Record excerpts -
--- START ---

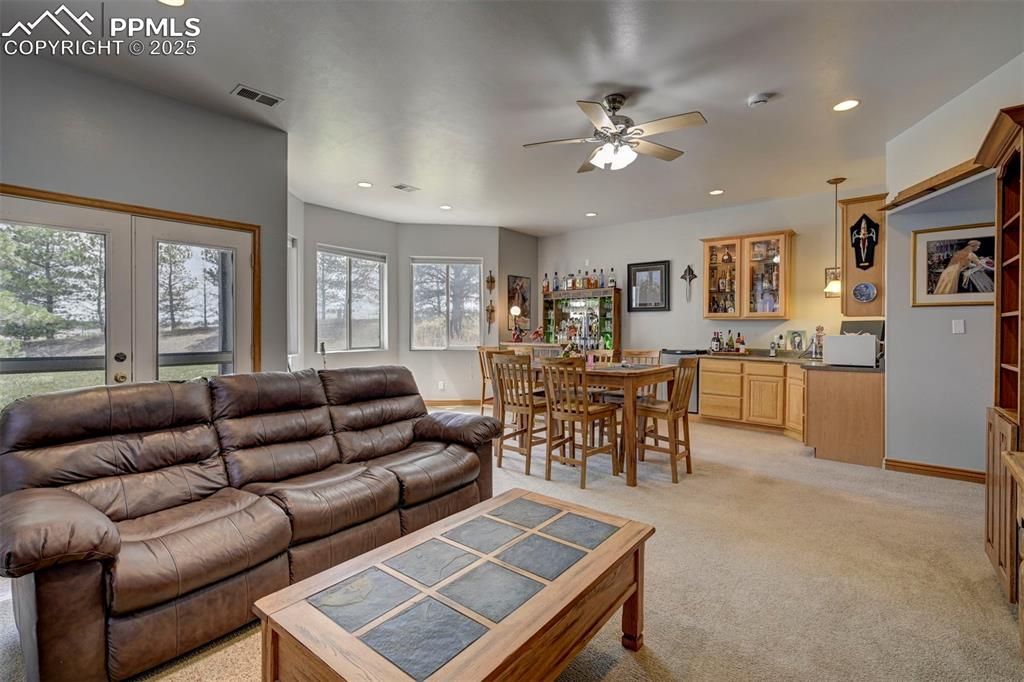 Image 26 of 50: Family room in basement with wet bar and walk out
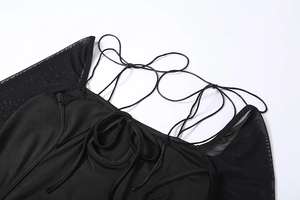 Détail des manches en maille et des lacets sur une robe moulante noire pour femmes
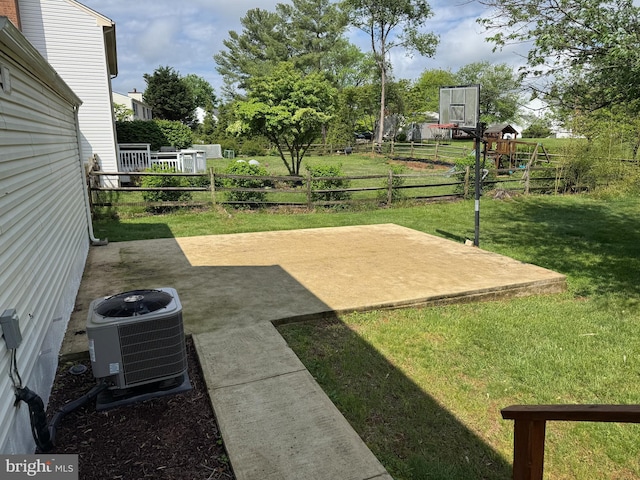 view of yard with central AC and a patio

--- END ---
--- START ---

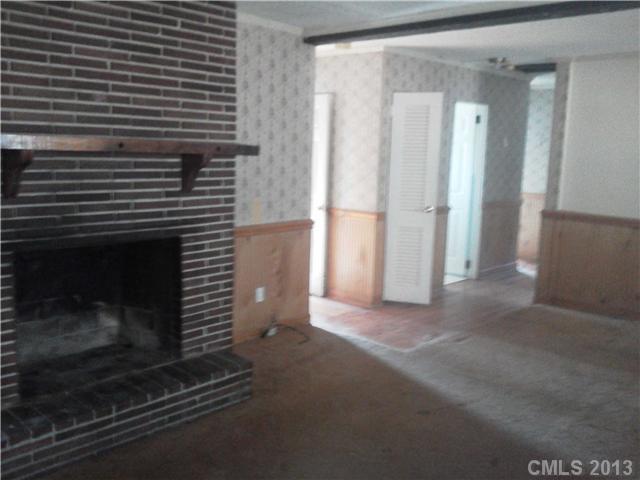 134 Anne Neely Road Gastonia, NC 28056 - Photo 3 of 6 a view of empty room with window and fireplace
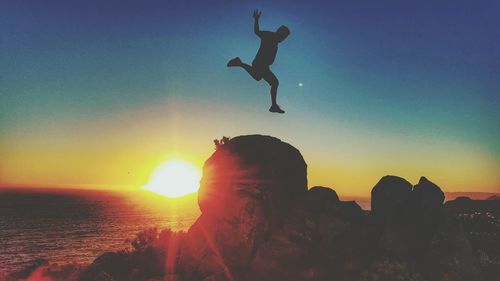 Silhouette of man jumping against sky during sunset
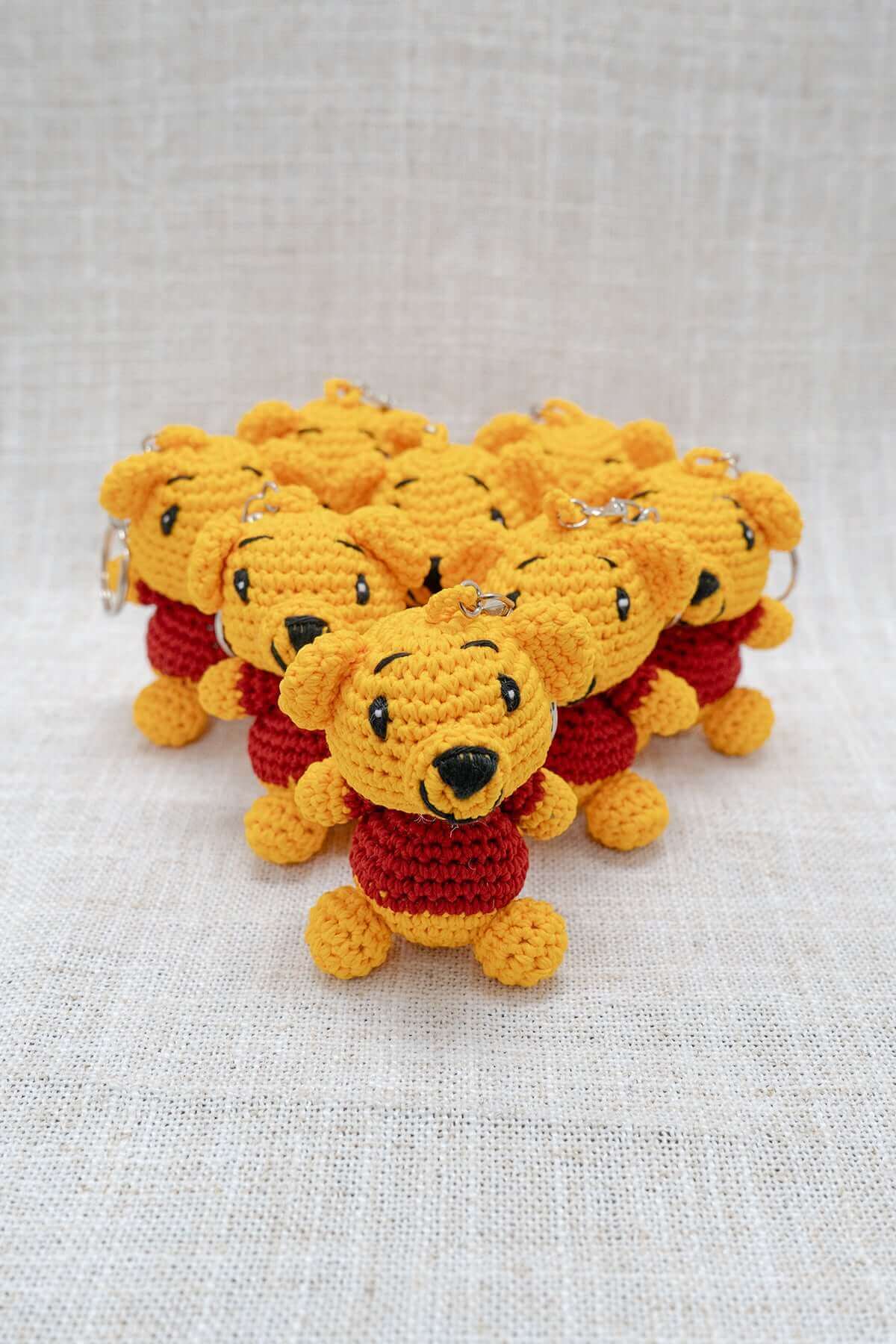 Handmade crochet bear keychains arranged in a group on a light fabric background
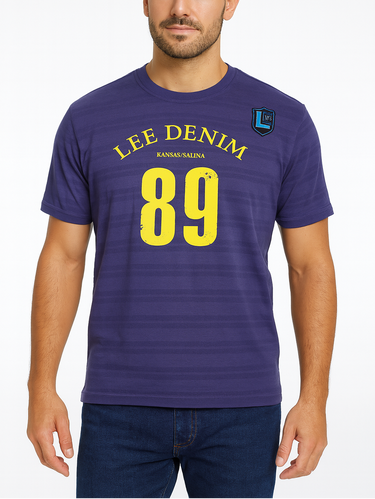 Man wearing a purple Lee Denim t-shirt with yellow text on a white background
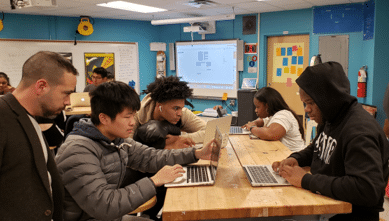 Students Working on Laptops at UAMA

--- END ---
--- START ---

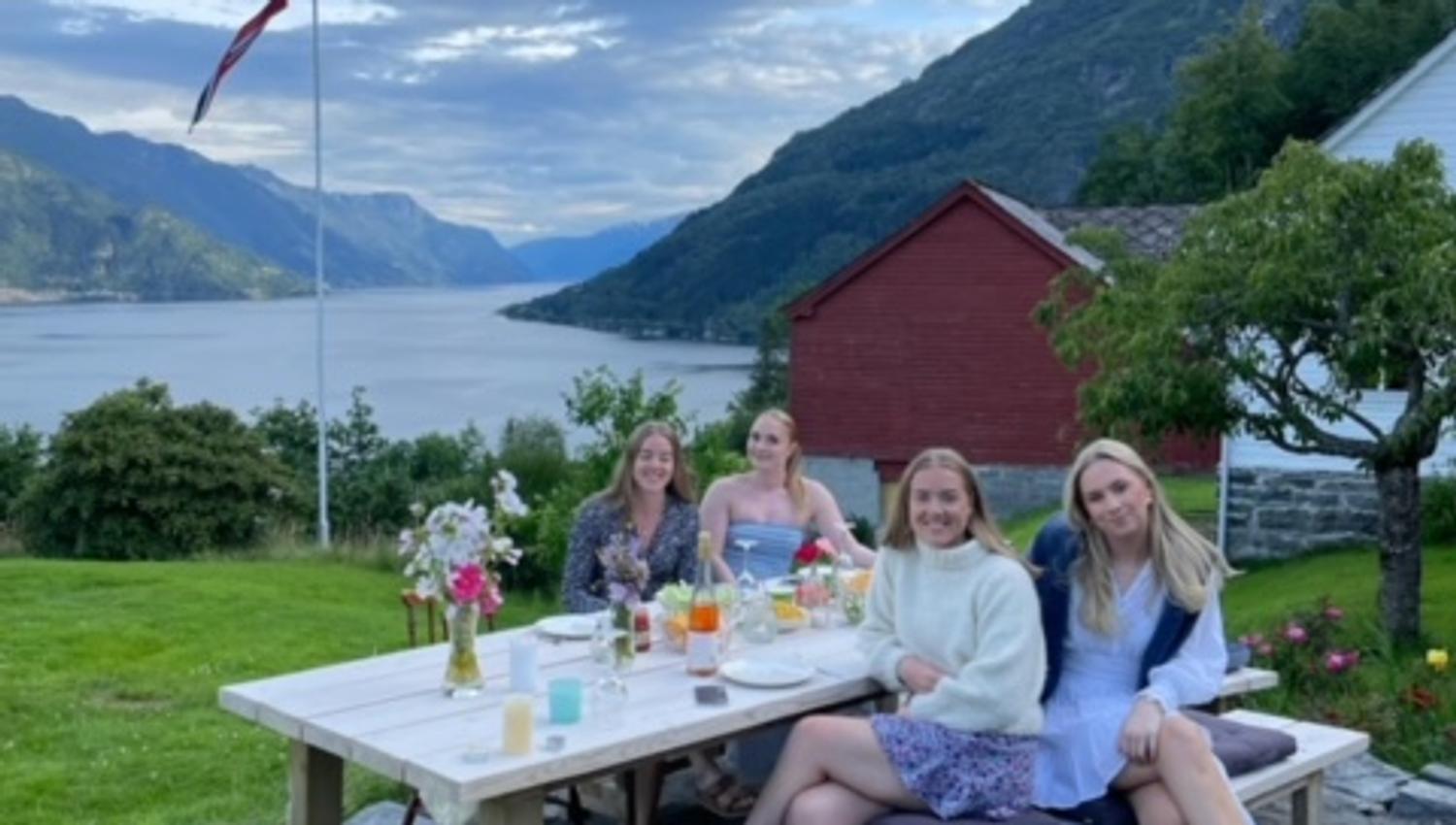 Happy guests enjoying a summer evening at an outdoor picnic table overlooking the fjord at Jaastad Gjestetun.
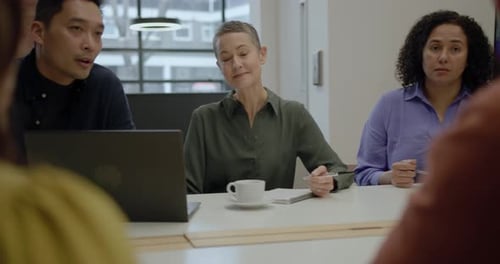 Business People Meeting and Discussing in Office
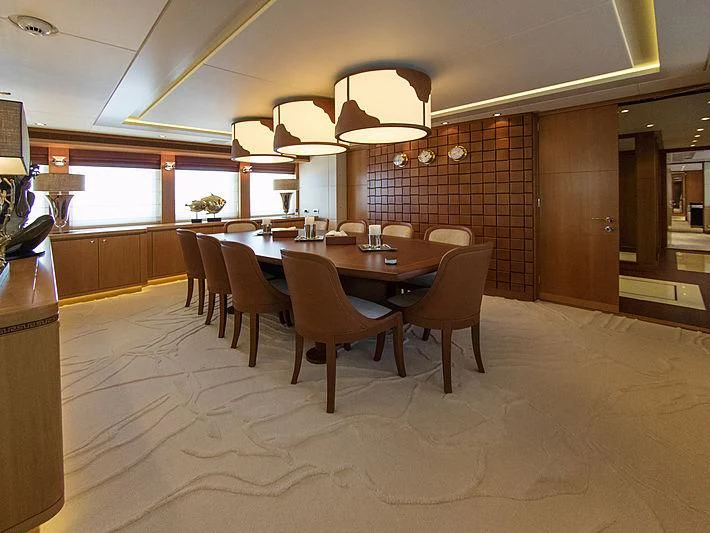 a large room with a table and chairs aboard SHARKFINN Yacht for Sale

--- END ---

Beginning at the line above that contains "Man wearing a" and going on through the line that contains "Students Working on Laptops at UAMA", please copy every line exactly, leaving the pictures out and adding nothing.

Output -
 Man wearing a purple Lee Denim t-shirt with yellow text on a white background
 Students Working on Laptops at UAMA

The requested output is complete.